If you followed our Nintendo Direct coverage a few weeks ago, you will know that everyone’s favorite ambiguous pink puff ball is back in an all new adventure, Kirby: Planet Robobot. Kirby is often used by Nintendo as a means to test new waters. Kirby’s Epic Yarn, for example, is a precursor to Yoshi’s Woolly World in terms of gameplay and style. While an initial look at Planet Robobot may suggest the multiplayer mode, Team Kirby Clash, is Nintendo’s experiment this time around, let us not forget about the other big addition to this game: awesome mech armor. Most information about this armor has been purely speculation based on the trailer released during the direct. However, Famitsu has just revealed details surrounding five of the available modes for Kirby to do his/her best Gundam impression with.
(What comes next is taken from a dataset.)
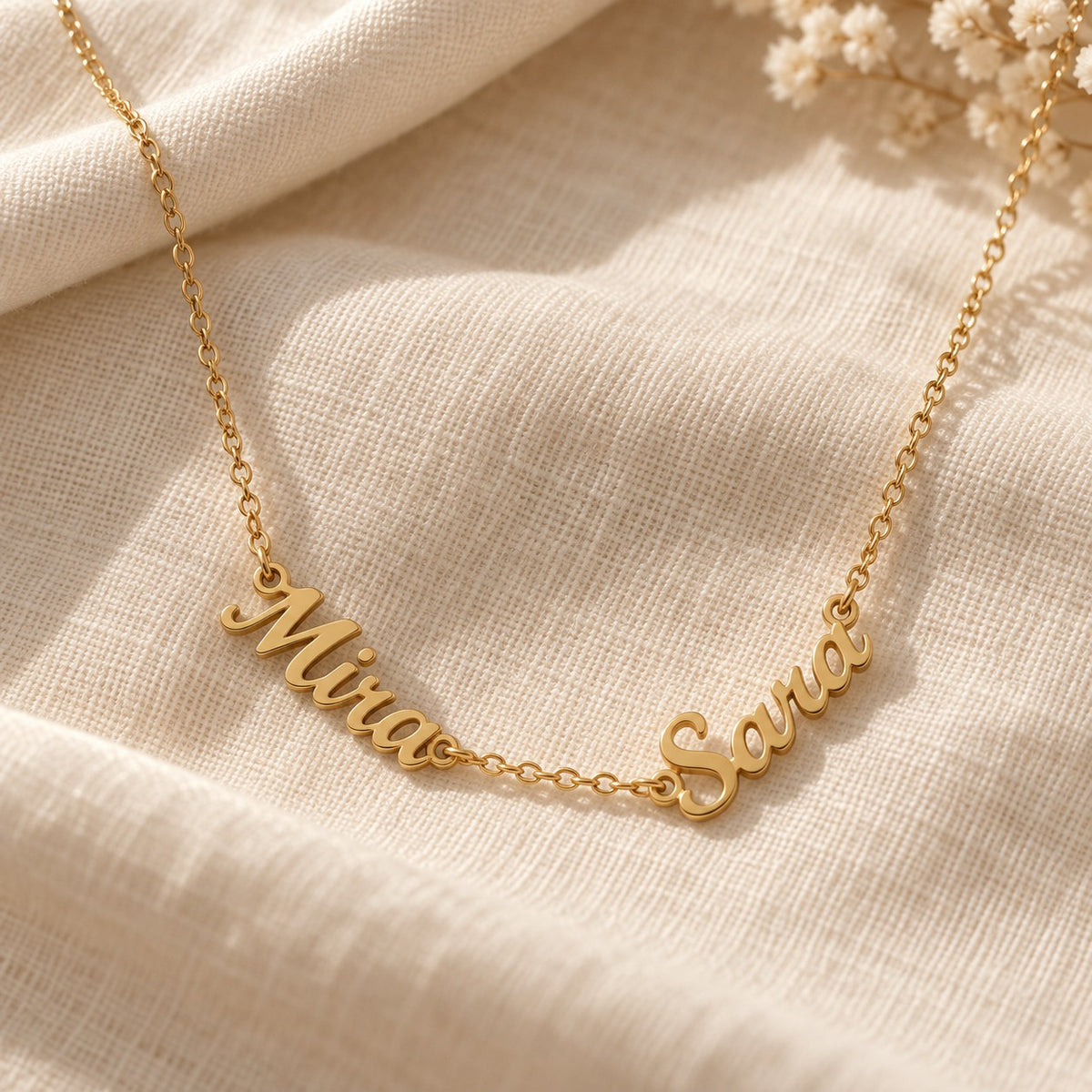 Wasl English Multiple Names Necklace on cream linen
To begin, there are the Beam, Fire, and Sword modes. These three modes were revealed in the trailer and do pretty much what you expect, albeit, with a little twist. Beam mode has a laser that players can charge up for bigger blasts, as well as a sort of ricochet shot called a Bouncer Beam. Fire mode uses a whip-like flamethrower that players can manually aim in whichever direction they please. Finally, Sword mode is your typical sword copy ability, if typical means that the armor uses two swords to perform various combos and spin attacks.
The two newly revealed modes for Kirby’s armor are Ice and Parasol. Despite being two of the most common copy abilities for a Kirby game, these modes actually have some very peculiar uses. Ice mode lets you create platforms by freezing water, and Parasol mode allows Kirby to fly using propellers located on the Armor’s shoulders. Kirby abilities are not often known for their traveling utility over their usefulness in battle, so it almost brings up the question of whether or not Planet Robobot is going to be your typical Kirby title. Regardless, we will keep you up to date as more information on Kirby: Planet Robobot becomes available.